Le profil téléchargé avait été prétraité qui a été réalisée avec une correction de fond, log
2 transformation, et la normalisation quantile utilisant le RMA (robuste d'analyse multi-array) méthode de affy paquet dans R [13]. Dans cette étude, les sondes d'hybridation pour le même gène ont été normalisées en utilisant le paquet preprocessCore [14]. La matrice de l'expression des gènes de spécimens a été reçu et a été utilisé pour l'analyse de suivi.
Projection de DEGS
Les DEGS dans des échantillons de parodontite ont été criblés par rapport à des échantillons de contrôle en utilisant les modèles linéaires pour les données de biopuces (de limma) package dans R [15]. Taux de faux de découverte (FDR) [16] a été appliqué pour la correction des tests multiples en utilisant Benjamini et la méthode Hochberg [17]. Seuil pour les DEGS ont été défini comme FDR & lt; 0,05 et | log 2 FC (fold change) | ≥ 0,58.

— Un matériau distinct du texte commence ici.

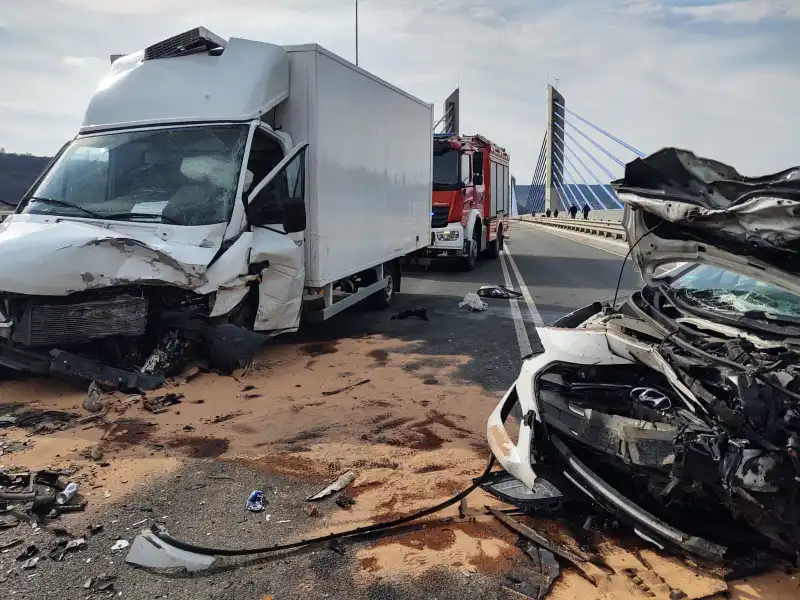 Wypadek w Kurowie. Jedna osoba trafiła do szpitala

Fonction et analyse de l'enrichissement de la voie de DEGS
Afin d'étudier la progression de la parodontite sur le point de vue du niveau fonctionnel, Gene Ontology (GO) et l'analyse de l'enrichissement de la voie des DEGS identifiés ont été réalisées dans cette étude. GO catégories telles que processus biologique (BP), fonction moléculaire (MF), et le composant cellulaire (CC) sur les DEGS identifiés ont été enrichies à partir des bases de données GO en utilisant le test de distribution hypergéométrique [18]. En outre, les voies que les DEGS impliqués dans ont été enrichies en utilisant le test hypergéométrique de distribution de la KEGG (Encyclopédie de Kyoto des gènes et génomes) base de données [19], qui n'a pas été utilisée par Kebschull et al. [12]. La valeur p & lt; 0,05 a été choisi comme le seuil.

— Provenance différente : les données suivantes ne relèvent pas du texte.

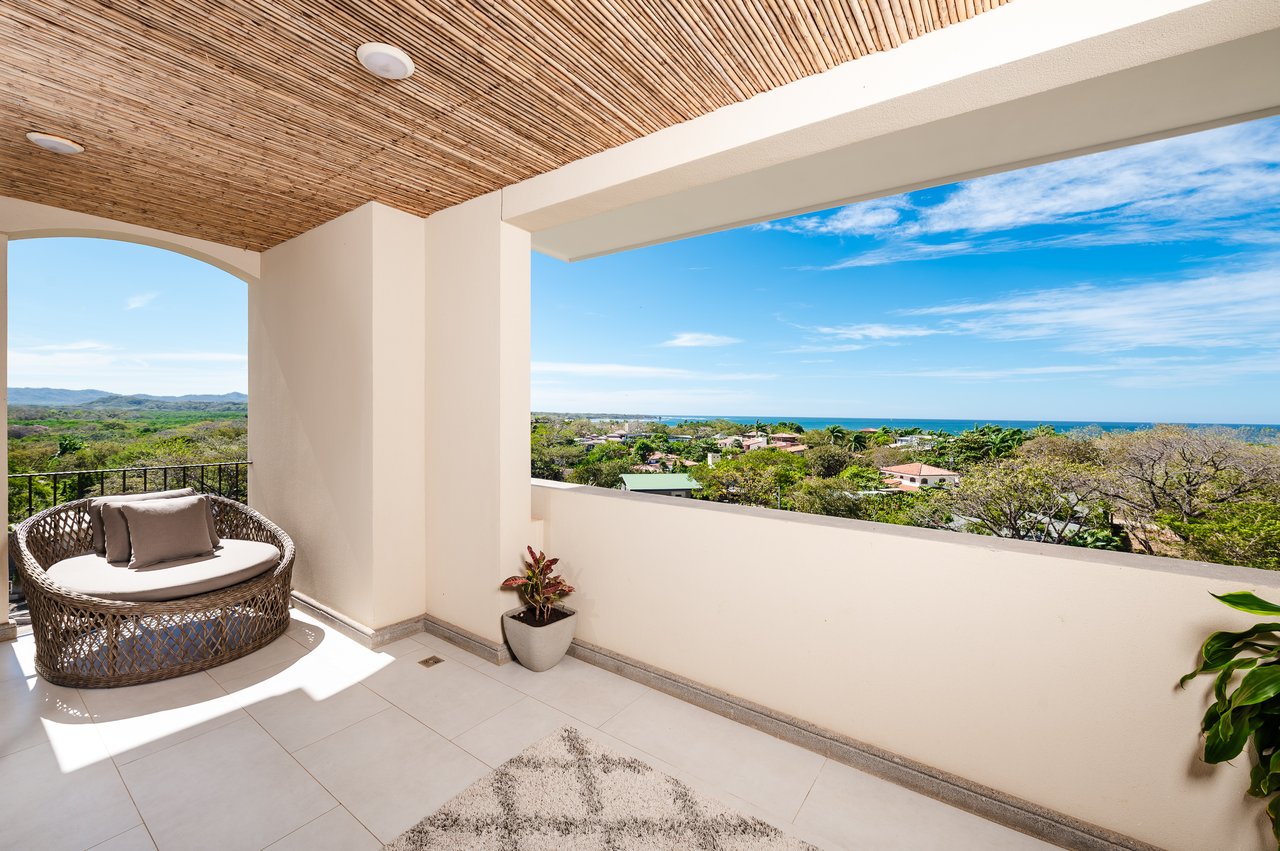 Penthouse 32 | Luxury Ocean-View Condo at Peninsula Langosta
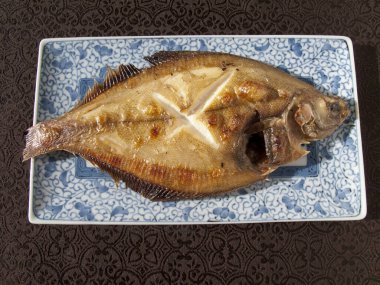 Tabakta kızartılmış tilapia balığı, üst manzara.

PPI construction de DEGS et des modules de sélection réseau The STRING (Outil de recherche pour la récupération des Interagir gènes /protéines) base de données, qui est une base de données connue et prédit les interactions entre protéines [20] , a été utilisée pour sélectionner les interactions entre les DEGS sélectionnés dans cette étude, qui ne sont pas utilisés dans l'étude de Kebschull et al. [12]. Le réseau PPI a été construit par des liens fonctionnels entre les protéines qui sont expérimentalement dérivées, ainsi que des liens prédites par analyse de co-expression et l'exploration de texte, ou IPP qui avait liés enregistrements dans la base de données. Les gènes inclus dans le réseau PPI étaient tous DEGS. D'ailleurs, le score combiné ≥ 0,4 a été choisi pour la construction du réseau PPI. logiciel Cytoscape [21] a été utilisé pour visualiser le réseau construit alors MCODE [22] a été utilisé pour sélectionner les modules importants du réseau PPI (paramètres: Degré coupure: 2, Node pointage coupure: 0.2, K-core:. 2, profondeur Max : 100). En outre, l'analyse topologique du réseau PPI a été réalisée et les degrés de ces DEGS de noeuds ont été analysés.

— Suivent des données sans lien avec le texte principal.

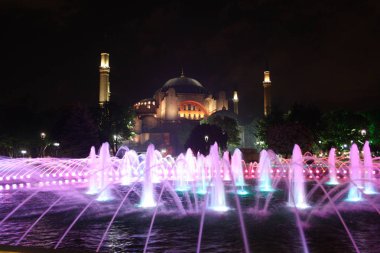 Ayasofya Müzesi önünde çeşmede gece, Istanbul, Türkiye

Fonction annotation des DEGS et la construction du réseau de régulation
Pour identifier les DEGS qui avaient les fonctions de régulation de transcription, les DEGS identifiés dans cette étude ont été analysés en utilisant la base de données TRANSFAC (http:.. //www gène-régulation com /pub /bases de données html.) [23], une donnée de base de données comprenant des facteurs de transcription (TFS), leur cible les gènes et les sites de liaison de réglementation. En outre, un réseau de réglementation fondé sur la TFs identifiés et leurs DEGS cibles a été construit. Tandis que dans l'étude de Kebschull et al. [12], la base de données TRANSFAC n'a pas été utilisé.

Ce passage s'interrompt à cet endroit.